**TO DO:** Your response should contain exactly the lines running from the one with "Wearingeul The Elf of the Rose - Ink Sample" to the end of the data below, both included, and no pictures.

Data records
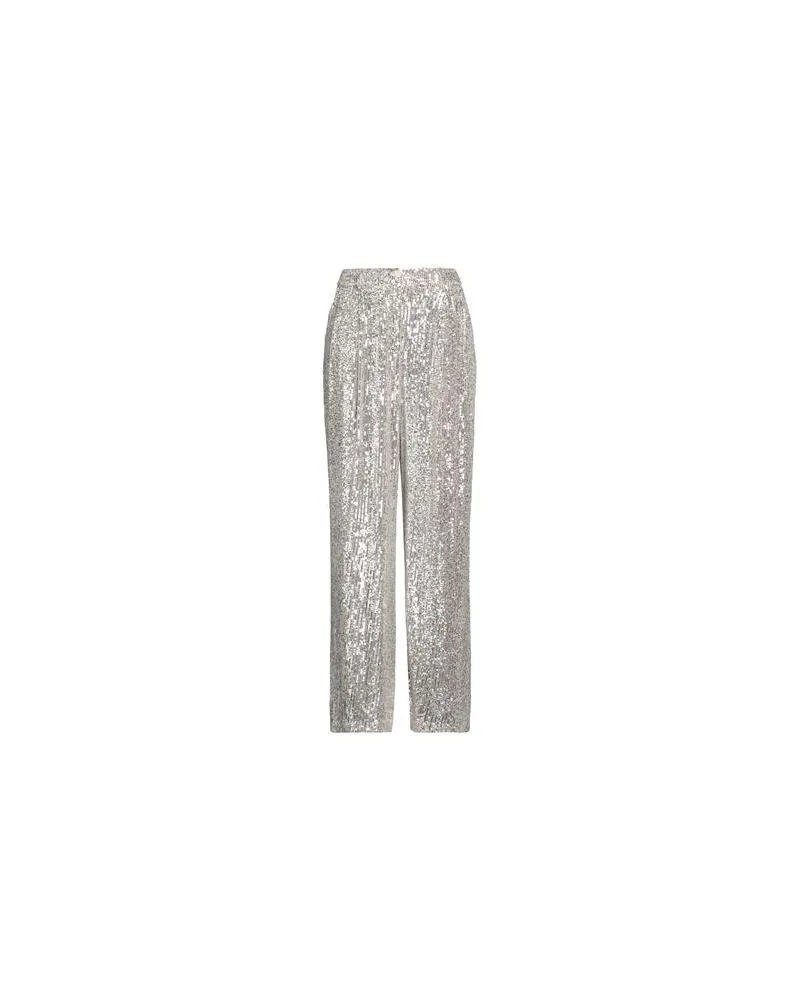 HAVEONE HOSEN & RÖCKE - Hosenauf YOOX.COM Silber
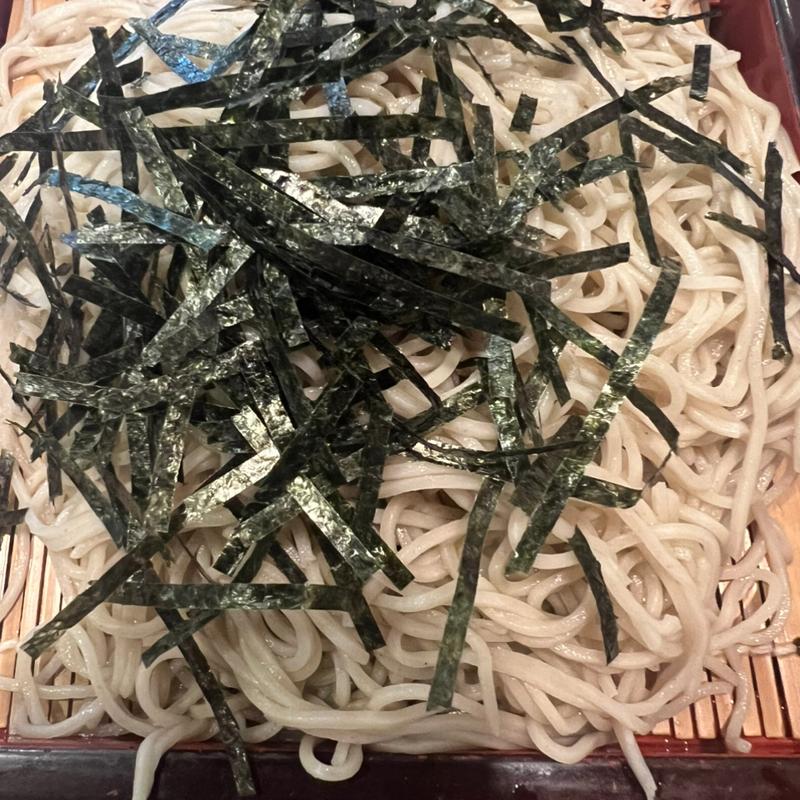 ざる蕎麦(長寿庵)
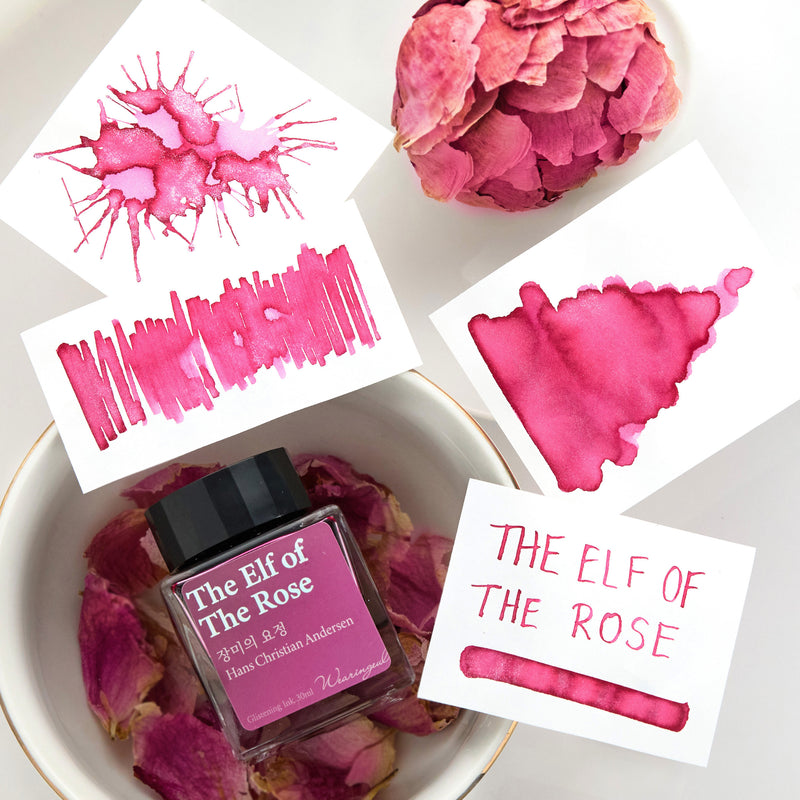 Wearingeul The Elf of the Rose - Ink Sample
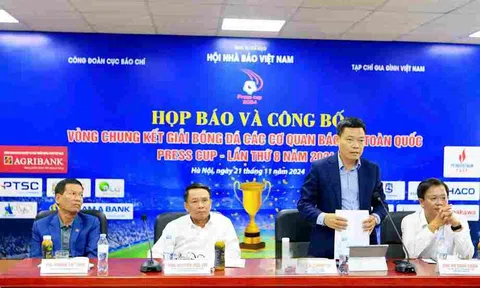 Press Cup 2024: Sân chơi thể thao lớn của những người làm báo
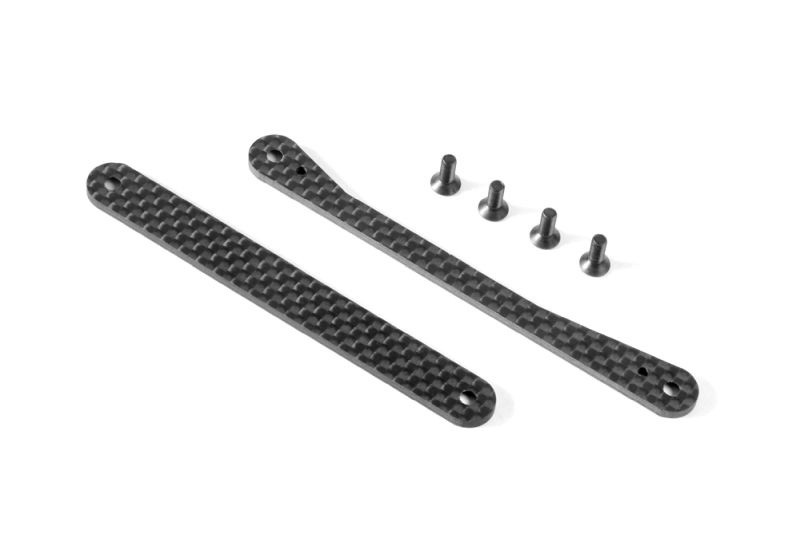 Xray XB8 GRAPHITE BRACES FOR CHASSIS SIDE GUARDS - SET - 353250 - expresní doprava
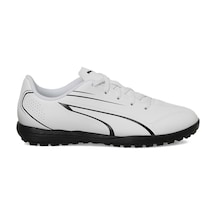 Puma Vıtorıa Tt Jr Beyaz Unisex Halı Saha Ayakkabısı 000000000102017261 Beyaz - Siyah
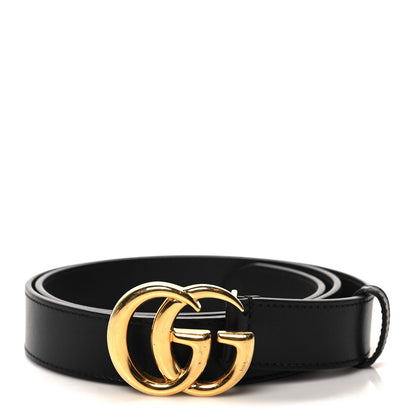 Gucci Calfskin Double G 30mm Belt 95 38 Black 1 of 5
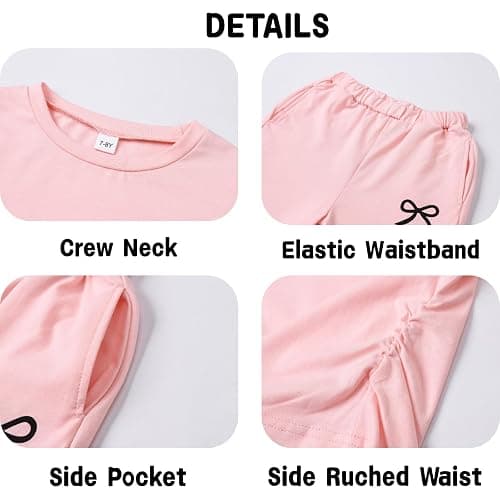 Afsmlys Tween Girls Clothes Long Sleeve Bow Knot Print Top + Wide Leg Pants 2 Piece Outfit Set, Size 7-16 Years thumbnail 6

**WORKED SOLUTION:**
 Wearingeul The Elf of the Rose - Ink Sample
 Press Cup 2024: Sân chơi thể thao lớn của những người làm báo
 Xray XB8 GRAPHITE BRACES FOR CHASSIS SIDE GUARDS - SET - 353250 - expresní doprava
 Puma Vıtorıa Tt Jr Beyaz Unisex Halı Saha Ayakkabısı 000000000102017261 Beyaz - Siyah
 Gucci Calfskin Double G 30mm Belt 95 38 Black 1 of 5
 Afsmlys Tween Girls Clothes Long Sleeve Bow Knot Print Top + Wide Leg Pants 2 Piece Outfit Set, Size 7-16 Years thumbnail 6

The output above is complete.